Source records:
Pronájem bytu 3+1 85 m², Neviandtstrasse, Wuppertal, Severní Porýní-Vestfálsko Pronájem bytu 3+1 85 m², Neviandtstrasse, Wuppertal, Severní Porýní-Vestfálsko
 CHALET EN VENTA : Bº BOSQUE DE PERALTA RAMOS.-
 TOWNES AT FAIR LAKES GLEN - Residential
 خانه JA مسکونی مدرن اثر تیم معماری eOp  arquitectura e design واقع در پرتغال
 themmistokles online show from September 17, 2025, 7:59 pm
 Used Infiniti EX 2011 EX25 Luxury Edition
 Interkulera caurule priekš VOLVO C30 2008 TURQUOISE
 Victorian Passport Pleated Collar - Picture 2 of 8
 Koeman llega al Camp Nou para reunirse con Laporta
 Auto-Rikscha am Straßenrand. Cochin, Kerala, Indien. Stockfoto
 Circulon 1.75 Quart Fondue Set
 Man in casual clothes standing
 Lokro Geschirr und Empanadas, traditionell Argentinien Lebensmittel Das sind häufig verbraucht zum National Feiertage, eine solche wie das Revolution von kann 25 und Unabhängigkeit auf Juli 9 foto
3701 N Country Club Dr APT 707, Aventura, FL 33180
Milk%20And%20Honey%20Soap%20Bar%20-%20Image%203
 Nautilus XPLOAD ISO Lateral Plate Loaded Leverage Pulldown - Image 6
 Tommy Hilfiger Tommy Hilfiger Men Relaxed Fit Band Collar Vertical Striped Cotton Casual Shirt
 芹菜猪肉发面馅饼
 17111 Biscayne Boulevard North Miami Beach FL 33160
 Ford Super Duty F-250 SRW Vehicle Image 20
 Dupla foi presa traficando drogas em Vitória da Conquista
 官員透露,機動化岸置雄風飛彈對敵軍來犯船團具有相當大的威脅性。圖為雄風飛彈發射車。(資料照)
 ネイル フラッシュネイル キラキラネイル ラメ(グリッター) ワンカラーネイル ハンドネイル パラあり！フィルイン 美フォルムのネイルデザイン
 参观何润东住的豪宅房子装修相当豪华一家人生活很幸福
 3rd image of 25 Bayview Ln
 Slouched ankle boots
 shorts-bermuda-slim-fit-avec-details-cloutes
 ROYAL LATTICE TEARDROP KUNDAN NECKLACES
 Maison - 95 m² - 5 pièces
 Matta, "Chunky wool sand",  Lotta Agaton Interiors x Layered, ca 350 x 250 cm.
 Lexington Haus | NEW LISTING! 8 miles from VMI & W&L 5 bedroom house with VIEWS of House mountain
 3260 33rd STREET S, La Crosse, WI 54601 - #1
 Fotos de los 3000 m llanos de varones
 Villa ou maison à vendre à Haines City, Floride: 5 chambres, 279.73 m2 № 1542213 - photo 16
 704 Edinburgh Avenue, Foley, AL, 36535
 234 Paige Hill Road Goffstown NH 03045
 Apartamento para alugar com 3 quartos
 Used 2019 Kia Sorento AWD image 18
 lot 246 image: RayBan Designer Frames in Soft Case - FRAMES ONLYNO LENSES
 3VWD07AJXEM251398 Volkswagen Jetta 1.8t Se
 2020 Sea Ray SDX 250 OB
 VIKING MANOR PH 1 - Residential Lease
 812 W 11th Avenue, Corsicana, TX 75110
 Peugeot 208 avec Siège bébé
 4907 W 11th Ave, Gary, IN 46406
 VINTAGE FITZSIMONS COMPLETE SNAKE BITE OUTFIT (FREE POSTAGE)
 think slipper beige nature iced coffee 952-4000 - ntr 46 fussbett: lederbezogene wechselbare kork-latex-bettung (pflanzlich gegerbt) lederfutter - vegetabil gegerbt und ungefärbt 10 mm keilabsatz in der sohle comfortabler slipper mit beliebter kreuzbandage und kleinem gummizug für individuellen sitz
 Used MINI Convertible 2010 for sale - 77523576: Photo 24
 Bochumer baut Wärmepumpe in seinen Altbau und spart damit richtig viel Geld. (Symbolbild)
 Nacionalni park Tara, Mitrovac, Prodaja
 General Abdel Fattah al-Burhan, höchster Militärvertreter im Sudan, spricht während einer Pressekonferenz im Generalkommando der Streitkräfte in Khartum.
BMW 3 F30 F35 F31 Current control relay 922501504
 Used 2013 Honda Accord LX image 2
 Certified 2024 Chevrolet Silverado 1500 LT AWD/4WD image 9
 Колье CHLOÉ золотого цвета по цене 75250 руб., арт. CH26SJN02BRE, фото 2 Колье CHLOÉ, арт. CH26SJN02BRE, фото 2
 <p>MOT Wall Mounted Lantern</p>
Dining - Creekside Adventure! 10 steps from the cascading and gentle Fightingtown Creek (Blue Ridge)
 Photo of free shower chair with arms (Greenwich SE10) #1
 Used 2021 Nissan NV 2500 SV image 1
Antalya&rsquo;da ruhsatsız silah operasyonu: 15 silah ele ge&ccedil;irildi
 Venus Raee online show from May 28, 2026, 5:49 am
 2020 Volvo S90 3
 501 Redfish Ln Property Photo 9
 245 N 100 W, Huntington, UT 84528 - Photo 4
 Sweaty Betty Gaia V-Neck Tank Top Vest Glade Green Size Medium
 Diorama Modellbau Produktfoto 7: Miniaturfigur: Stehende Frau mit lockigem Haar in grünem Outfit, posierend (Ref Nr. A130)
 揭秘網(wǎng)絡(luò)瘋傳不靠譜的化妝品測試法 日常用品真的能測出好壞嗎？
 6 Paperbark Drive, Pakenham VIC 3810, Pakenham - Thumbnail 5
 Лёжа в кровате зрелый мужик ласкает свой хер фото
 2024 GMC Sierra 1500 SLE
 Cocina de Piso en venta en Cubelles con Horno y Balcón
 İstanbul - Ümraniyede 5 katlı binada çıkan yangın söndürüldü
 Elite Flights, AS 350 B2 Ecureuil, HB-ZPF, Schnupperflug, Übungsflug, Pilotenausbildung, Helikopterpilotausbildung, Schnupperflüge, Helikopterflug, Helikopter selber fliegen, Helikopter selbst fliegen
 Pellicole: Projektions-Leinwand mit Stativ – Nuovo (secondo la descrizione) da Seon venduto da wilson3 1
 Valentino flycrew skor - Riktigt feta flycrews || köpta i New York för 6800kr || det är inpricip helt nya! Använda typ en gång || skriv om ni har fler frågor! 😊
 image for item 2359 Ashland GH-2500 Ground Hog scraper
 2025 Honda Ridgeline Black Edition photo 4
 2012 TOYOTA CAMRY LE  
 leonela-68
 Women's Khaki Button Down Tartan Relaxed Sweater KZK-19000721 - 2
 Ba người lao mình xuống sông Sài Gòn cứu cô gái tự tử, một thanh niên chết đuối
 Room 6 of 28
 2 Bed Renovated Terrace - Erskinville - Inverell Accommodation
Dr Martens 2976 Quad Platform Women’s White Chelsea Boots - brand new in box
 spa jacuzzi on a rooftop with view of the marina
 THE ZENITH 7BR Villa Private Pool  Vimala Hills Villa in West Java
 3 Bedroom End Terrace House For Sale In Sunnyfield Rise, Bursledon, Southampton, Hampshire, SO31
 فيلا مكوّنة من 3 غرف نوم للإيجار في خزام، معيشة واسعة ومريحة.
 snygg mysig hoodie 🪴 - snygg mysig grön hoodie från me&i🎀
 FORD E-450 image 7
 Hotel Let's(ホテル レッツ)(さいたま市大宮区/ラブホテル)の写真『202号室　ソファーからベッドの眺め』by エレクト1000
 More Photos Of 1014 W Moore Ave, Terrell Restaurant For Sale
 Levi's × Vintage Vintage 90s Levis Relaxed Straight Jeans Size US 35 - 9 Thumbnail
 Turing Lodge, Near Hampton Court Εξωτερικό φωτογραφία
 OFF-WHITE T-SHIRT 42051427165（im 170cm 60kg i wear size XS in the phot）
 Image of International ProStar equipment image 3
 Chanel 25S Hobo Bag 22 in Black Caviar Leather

About this task: Whenever a line in the entries holds the word "Residential", copy that line.

Response box:
 TOWNES AT FAIR LAKES GLEN - Residential
 VIKING MANOR PH 1 - Residential Lease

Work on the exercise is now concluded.